Yeasayer - Odd Blood
At times this latest group of Brooklyn tripsters can sound incredibly poppy. Enough so that you'll think to yourself, "Gee, maybe the general public could get this music and it could be on the radio." Then some psychedelic fader drips in a laser beam and you remember that shit can freak the gen pop out. They write good basic songs, but they're also suckers for full experimentation, so things can often move in unforeseen directions. Some tunes sound huge and epic like The Arcade Fire, and some tunes have an intelligent basement sound much akin to Tapes and Tapes or other off-the-grid song-focused bands. Obviously, the best is when all these genres happen together.

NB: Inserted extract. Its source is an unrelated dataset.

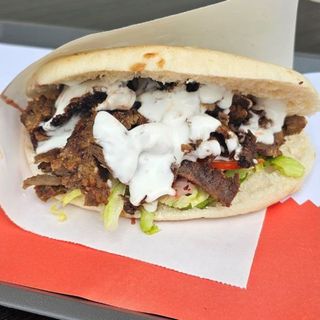 Піта з яловичим кебабом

Phantogram - Eyelid Movies
You can't deny how fly that album title is, nor can you deny how fly this duo from Saratoga is. Yep, just another self-produced break-beat dream-pop act from the Springs dropping the dopest album of the year. Wait, Saratoga? No way. Anyway, there's no reason to mention how heart-breakingly beautiful Sarah Barthel is, because her voice alone will rip you apart. Some rapper is going to hear this album soon and want to sample every song, but until then we can just bask in the head-nod. These songs are beat-heavy, but beautiful, and open, and spacious, and you'll want to be the first to turn everybody you know onto it.